#### Data for review:
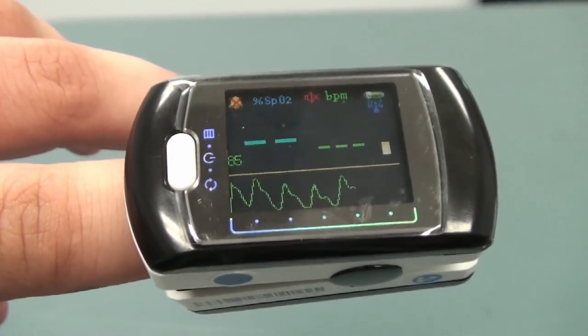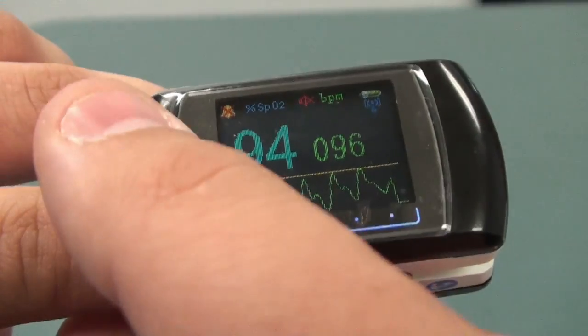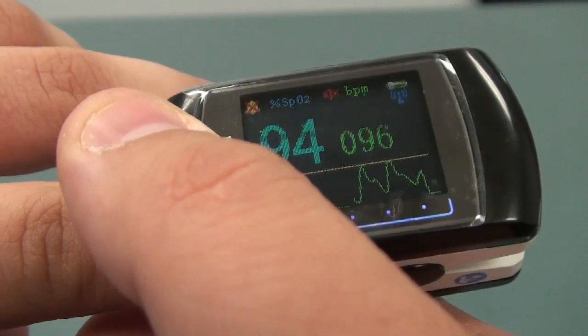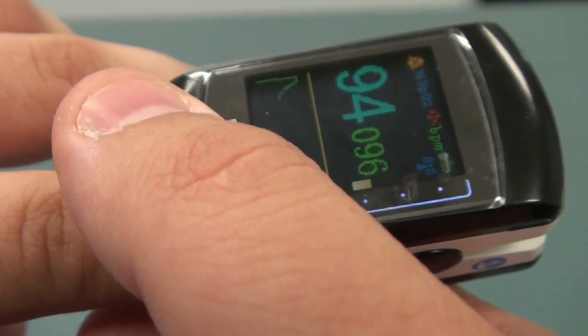The readings will start to show. If you're not happy with this view, you're able to change the view by pressing the power button to alternate the direction that it shows.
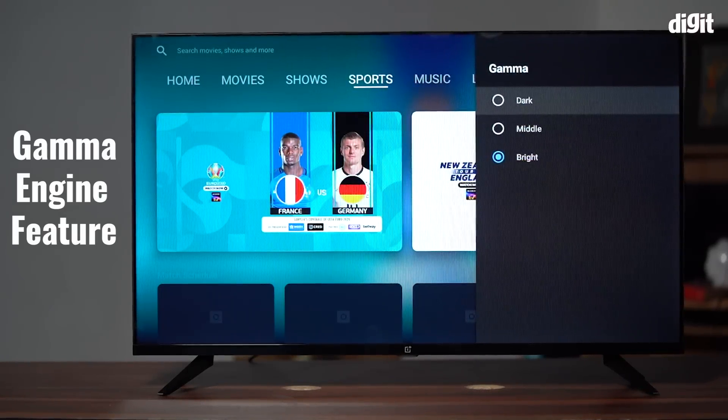But that's enough talk — let's unbox the TV. Inside the box you get pretty much all that you'll need to get started: a pair of stands to prop up the TV, the all-important remote control, and last but definitely not least, the TV itself. Let's place it on a flat surface very carefully. Through the magic of video editing, we will now assemble and set up the TV in record time.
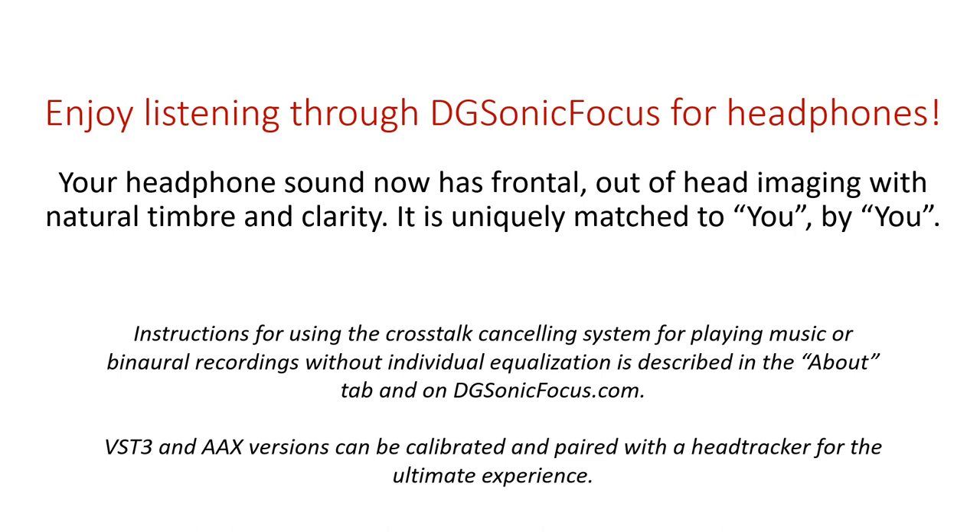Instructions for using the crosstalk cancelling system for playing music or binaural recordings without individual equalization are described in the About tab and on digisonicfocus.com. VST3 and AAX versions can be calibrated and paired with a head tracker for the ultimate experience.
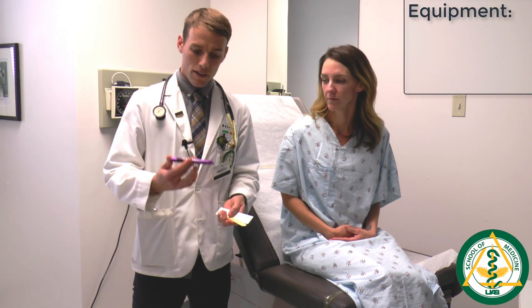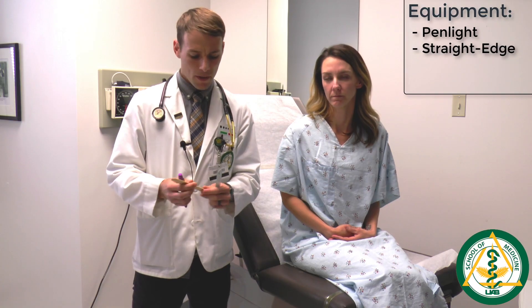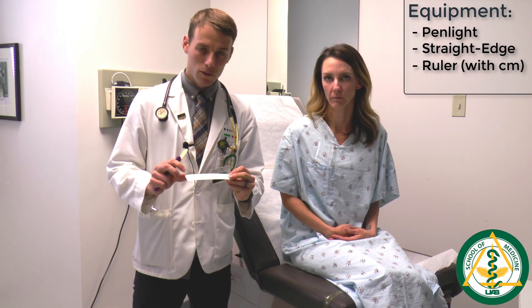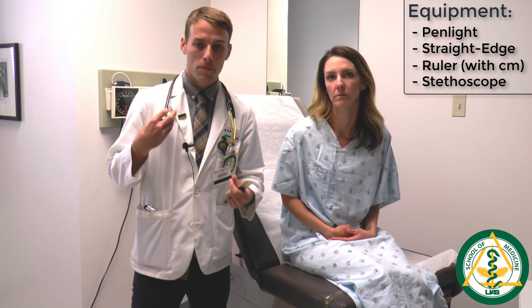Before you begin the exam, it's important to make sure you have what you need to complete it. I have with me a pen light, a straight edge which is just a tongue depressor that you can find in the rooms, a ruler with centimeters labeled on it, and a stethoscope with both the bell and the diaphragm available to assess heart sounds.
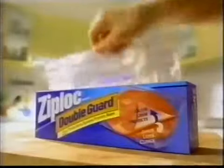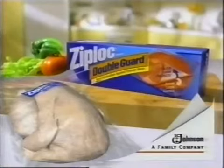Freezing chicken. Only Ziploc double guard freezer bags have an inner layer that clings to seal out air that causes freezer burn. Regular freezer bags don't. Put an end to freezer burn with a Ziploc double guard freezer bag.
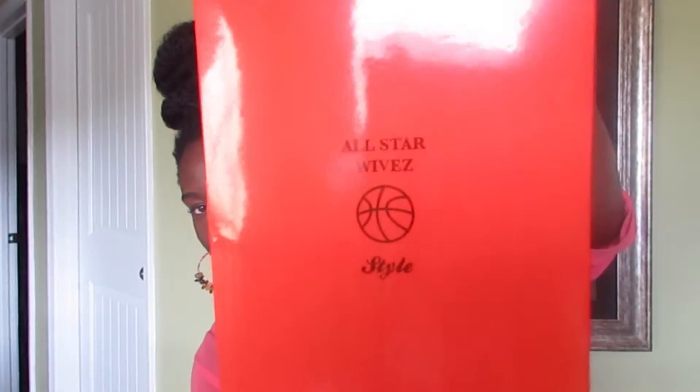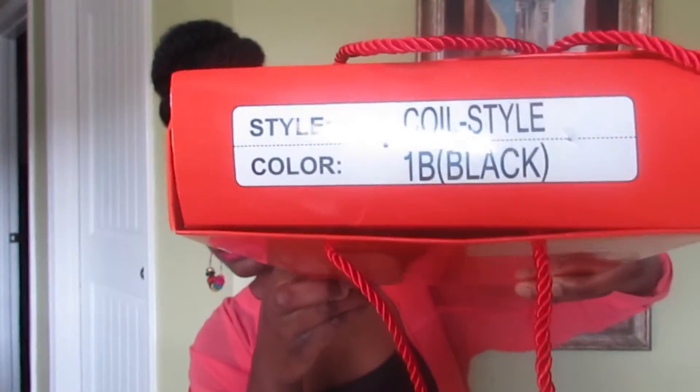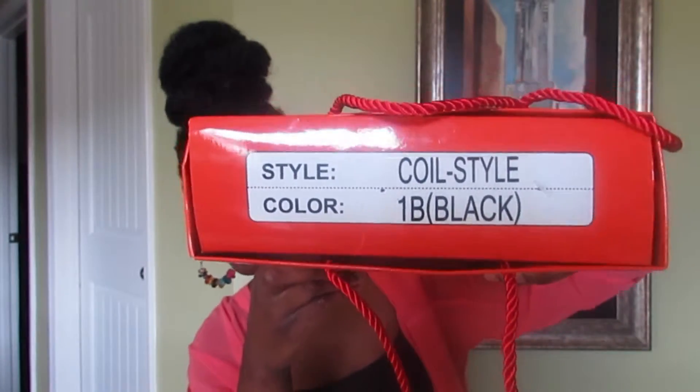Today I got the wig from Elevate Styles called R&B Synthetic Wig Coil Style in the color 1B. This is how the box looks like. It's by All Star Wives. And like I said, it's in the style coil and the color 1B. I only got this wig for $22, and they gave free shipping.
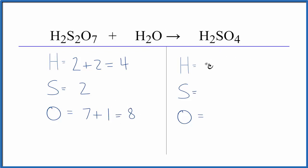On the product side, we have two hydrogens, one sulfur, and four oxygens.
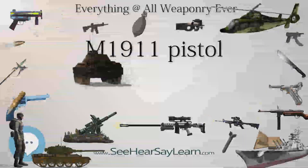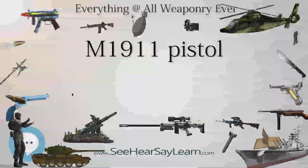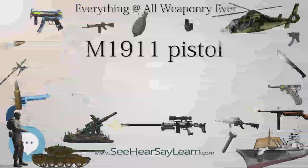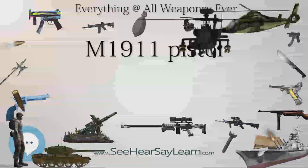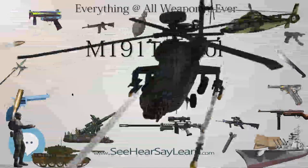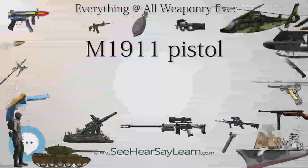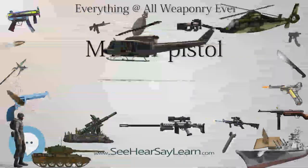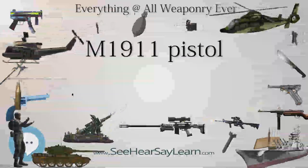By the beginning of 1917, a total of 68,533 M1911 pistols had been delivered to U.S. Armed Forces by Colt Firearms Company and the U.S. Government's Springfield Armory. However, the need to greatly expand U.S. military forces and the resultant surge in demand in World War I saw the expansion of manufacture to other contractors besides Colt and Springfield Armory, including Remington UMC and North American Arms Co. of Quebec.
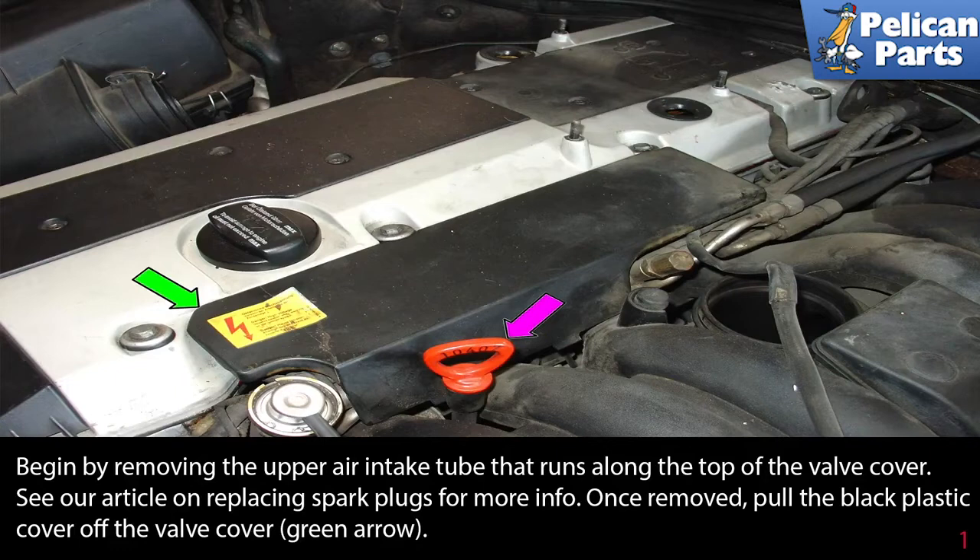Begin by removing the upper intake air tube that runs along the top of the valve cover. Please see our article on replacing spark plugs for more information on this procedure by following the link at the end of this video. Once removed, pull the black plastic cover off the valve cover, as indicated by the green arrow.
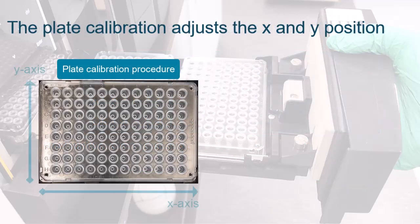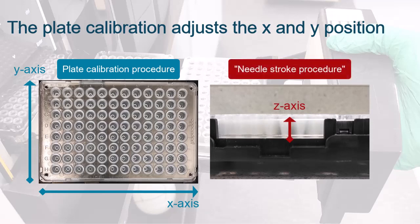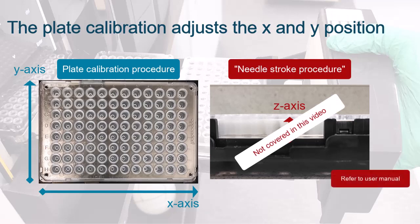Note that this procedure will only adjust the X and Y position of the injection needle during sample aspiration. Adjusting the vertical position, that is the Z-axis, uses the needle-stroke procedure, which is not covered in this video. It is described in the user manual.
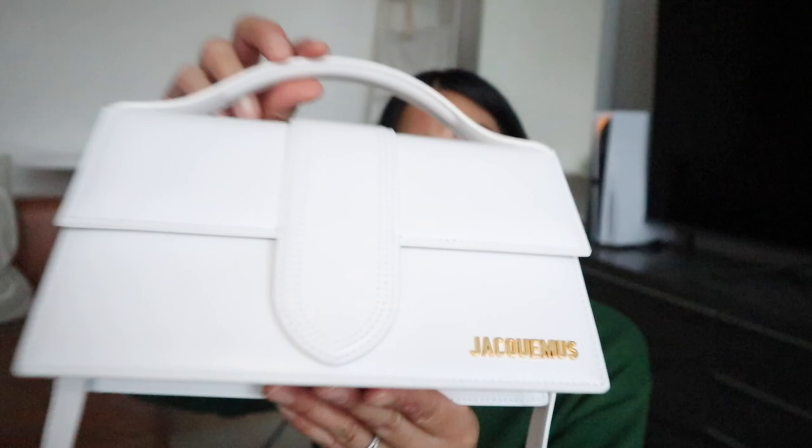Hi everybody, welcome back to my channel and if you're new here, I'm Lauren. I hope that you're all continuing to stay healthy and safe and well. Today's video is going to be on this little beauty right here, and I'm really sorry if the light keeps going in and out — I have about 10 minutes before the sun sets, so I really need to go quickly.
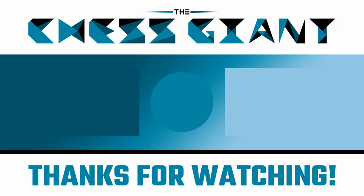Thanks for watching today's video. If you'd like to learn the theory behind the Ponziani opening, click that video to the left. If you'd like to learn the theory behind the Pirc defense for black, click that video to the right. Leave a comment down below to let me know what other videos you'd like to see covered on this channel. And as always, I appreciate you guys. Thanks for watching. Peace.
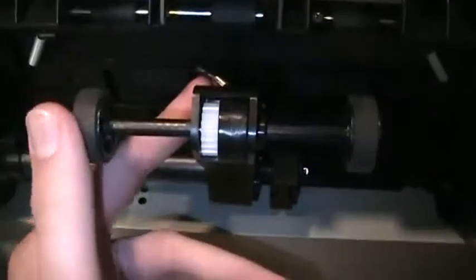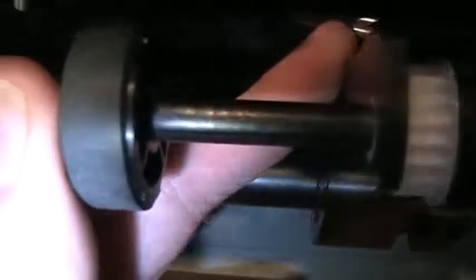Here are the culprits causing the paper jams. You can see how cracked and worn out these ones are. This printer has over 20,000 pages printed on it according to the self-test page count, so it's definitely time to replace these.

#### About this exercise:
Pictures stay out of the copy; print the material above exactly.

#### Solution to the problem:
The readings will start to show. If you're not happy with this view, you're able to change the view by pressing the power button to alternate the direction that it shows.
But that's enough talk — let's unbox the TV. Inside the box you get pretty much all that you'll need to get started: a pair of stands to prop up the TV, the all-important remote control, and last but definitely not least, the TV itself. Let's place it on a flat surface very carefully. Through the magic of video editing, we will now assemble and set up the TV in record time.
Instructions for using the crosstalk cancelling system for playing music or binaural recordings without individual equalization are described in the About tab and on digisonicfocus.com. VST3 and AAX versions can be calibrated and paired with a head tracker for the ultimate experience.
Before you begin the exam, it's important to make sure you have what you need to complete it. I have with me a pen light, a straight edge which is just a tongue depressor that you can find in the rooms, a ruler with centimeters labeled on it, and a stethoscope with both the bell and the diaphragm available to assess heart sounds.
Freezing chicken. Only Ziploc double guard freezer bags have an inner layer that clings to seal out air that causes freezer burn. Regular freezer bags don't. Put an end to freezer burn with a Ziploc double guard freezer bag.
Today I got the wig from Elevate Styles called R&B Synthetic Wig Coil Style in the color 1B. This is how the box looks like. It's by All Star Wives. And like I said, it's in the style coil and the color 1B. I only got this wig for $22, and they gave free shipping.
On the product side, we have two hydrogens, one sulfur, and four oxygens.
By the beginning of 1917, a total of 68,533 M1911 pistols had been delivered to U.S. Armed Forces by Colt Firearms Company and the U.S. Government's Springfield Armory. However, the need to greatly expand U.S. military forces and the resultant surge in demand in World War I saw the expansion of manufacture to other contractors besides Colt and Springfield Armory, including Remington UMC and North American Arms Co. of Quebec.
Begin by removing the upper intake air tube that runs along the top of the valve cover. Please see our article on replacing spark plugs for more information on this procedure by following the link at the end of this video. Once removed, pull the black plastic cover off the valve cover, as indicated by the green arrow.
Note that this procedure will only adjust the X and Y position of the injection needle during sample aspiration. Adjusting the vertical position, that is the Z-axis, uses the needle-stroke procedure, which is not covered in this video. It is described in the user manual.
Hi everybody, welcome back to my channel and if you're new here, I'm Lauren. I hope that you're all continuing to stay healthy and safe and well. Today's video is going to be on this little beauty right here, and I'm really sorry if the light keeps going in and out — I have about 10 minutes before the sun sets, so I really need to go quickly.
Thanks for watching today's video. If you'd like to learn the theory behind the Ponziani opening, click that video to the left. If you'd like to learn the theory behind the Pirc defense for black, click that video to the right. Leave a comment down below to let me know what other videos you'd like to see covered on this channel. And as always, I appreciate you guys. Thanks for watching. Peace.
Here are the culprits causing the paper jams. You can see how cracked and worn out these ones are. This printer has over 20,000 pages printed on it according to the self-test page count, so it's definitely time to replace these.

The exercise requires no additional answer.